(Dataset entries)
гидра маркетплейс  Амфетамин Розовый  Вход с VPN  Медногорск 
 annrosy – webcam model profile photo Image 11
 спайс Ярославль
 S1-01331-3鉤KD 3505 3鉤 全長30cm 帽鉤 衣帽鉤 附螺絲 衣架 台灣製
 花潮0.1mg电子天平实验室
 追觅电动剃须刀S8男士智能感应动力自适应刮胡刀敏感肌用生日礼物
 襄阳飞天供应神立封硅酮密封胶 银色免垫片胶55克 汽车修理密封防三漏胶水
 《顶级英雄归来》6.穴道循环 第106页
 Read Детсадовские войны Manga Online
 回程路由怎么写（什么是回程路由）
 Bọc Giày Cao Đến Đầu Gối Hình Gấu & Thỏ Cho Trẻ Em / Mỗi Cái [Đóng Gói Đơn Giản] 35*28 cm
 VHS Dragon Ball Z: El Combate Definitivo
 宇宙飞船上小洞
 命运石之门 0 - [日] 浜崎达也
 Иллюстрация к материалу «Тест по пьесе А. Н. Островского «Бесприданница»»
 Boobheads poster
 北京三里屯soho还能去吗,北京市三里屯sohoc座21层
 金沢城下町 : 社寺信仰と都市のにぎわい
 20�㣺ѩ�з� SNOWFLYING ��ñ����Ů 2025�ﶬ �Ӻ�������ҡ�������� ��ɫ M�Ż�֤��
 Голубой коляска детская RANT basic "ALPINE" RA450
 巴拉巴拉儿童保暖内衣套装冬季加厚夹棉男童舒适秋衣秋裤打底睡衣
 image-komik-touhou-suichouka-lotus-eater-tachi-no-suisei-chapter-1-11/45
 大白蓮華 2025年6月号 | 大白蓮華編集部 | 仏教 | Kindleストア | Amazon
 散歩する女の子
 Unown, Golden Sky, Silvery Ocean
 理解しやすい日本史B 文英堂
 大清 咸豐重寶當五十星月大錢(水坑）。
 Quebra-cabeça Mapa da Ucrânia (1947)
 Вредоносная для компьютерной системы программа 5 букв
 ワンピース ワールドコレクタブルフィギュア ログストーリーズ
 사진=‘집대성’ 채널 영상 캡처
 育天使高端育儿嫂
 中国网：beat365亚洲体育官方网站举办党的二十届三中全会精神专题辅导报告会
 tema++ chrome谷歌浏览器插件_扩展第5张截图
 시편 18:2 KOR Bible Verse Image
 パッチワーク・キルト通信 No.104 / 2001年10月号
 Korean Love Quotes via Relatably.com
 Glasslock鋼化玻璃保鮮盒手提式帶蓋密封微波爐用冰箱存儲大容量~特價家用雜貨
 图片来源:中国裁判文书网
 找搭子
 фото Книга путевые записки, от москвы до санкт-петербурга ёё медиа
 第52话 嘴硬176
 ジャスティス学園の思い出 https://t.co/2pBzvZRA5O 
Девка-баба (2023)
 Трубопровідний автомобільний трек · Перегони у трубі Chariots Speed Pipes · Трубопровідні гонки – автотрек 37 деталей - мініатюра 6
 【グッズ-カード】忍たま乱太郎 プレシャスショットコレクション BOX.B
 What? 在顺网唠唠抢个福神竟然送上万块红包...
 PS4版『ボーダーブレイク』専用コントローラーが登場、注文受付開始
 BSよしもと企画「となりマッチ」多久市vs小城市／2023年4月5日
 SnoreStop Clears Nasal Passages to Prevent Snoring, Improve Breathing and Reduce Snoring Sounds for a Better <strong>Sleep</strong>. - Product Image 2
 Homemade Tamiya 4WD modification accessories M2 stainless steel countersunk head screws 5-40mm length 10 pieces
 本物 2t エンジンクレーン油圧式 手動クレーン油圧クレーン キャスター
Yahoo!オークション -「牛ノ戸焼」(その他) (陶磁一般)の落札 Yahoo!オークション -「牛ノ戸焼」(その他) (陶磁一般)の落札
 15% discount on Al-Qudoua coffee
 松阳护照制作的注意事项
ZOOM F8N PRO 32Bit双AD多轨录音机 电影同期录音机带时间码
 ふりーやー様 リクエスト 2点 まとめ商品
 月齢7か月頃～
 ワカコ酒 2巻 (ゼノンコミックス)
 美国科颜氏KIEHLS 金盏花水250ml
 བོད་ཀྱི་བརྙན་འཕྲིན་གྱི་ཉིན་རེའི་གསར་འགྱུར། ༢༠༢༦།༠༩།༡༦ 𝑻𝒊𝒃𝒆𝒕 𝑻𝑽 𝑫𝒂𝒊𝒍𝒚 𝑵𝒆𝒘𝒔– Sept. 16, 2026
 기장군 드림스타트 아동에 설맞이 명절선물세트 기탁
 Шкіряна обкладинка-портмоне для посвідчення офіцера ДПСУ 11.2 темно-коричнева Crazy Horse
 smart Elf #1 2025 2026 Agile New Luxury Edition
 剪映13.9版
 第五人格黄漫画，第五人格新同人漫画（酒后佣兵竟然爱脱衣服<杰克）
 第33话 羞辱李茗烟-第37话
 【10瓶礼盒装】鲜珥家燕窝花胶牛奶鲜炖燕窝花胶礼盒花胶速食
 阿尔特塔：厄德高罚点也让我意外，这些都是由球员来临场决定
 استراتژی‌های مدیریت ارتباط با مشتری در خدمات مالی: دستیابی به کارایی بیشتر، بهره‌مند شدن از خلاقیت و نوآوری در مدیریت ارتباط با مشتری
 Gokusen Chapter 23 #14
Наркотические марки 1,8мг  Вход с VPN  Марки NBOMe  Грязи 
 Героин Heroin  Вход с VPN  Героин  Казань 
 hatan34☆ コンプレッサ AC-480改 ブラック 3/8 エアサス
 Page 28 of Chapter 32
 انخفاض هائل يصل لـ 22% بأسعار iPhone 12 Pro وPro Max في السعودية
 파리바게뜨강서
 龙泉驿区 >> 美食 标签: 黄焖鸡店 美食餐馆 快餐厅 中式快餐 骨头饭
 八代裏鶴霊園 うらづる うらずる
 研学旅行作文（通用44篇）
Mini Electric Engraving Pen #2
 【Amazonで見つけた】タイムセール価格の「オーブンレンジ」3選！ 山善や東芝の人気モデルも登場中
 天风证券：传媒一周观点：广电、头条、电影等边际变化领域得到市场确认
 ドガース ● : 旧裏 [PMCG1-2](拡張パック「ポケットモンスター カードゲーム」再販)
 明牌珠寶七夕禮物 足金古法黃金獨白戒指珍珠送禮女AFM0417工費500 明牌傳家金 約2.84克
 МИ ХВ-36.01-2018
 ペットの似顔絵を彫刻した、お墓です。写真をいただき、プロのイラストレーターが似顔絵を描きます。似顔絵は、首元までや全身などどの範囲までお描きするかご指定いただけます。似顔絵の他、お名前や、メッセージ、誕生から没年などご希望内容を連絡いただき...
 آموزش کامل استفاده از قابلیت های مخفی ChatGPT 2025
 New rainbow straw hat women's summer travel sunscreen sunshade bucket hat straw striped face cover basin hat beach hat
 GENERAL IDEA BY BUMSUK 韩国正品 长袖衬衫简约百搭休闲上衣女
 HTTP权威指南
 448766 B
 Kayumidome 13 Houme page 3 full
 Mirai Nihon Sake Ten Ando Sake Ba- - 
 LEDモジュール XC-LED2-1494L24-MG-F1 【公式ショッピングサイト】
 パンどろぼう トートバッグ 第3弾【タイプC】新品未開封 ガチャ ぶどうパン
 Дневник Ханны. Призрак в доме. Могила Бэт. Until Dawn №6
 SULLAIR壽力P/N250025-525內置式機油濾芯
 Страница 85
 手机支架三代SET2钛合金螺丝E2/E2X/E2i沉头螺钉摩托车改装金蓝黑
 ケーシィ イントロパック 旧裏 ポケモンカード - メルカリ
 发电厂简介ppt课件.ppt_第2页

Problem: A copy of each line in the data above that holds the string "Вход" is needed.

Response below:
гидра маркетплейс  Амфетамин Розовый  Вход с VPN  Медногорск 
Наркотические марки 1,8мг  Вход с VPN  Марки NBOMe  Грязи 
 Героин Heroin  Вход с VPN  Героин  Казань 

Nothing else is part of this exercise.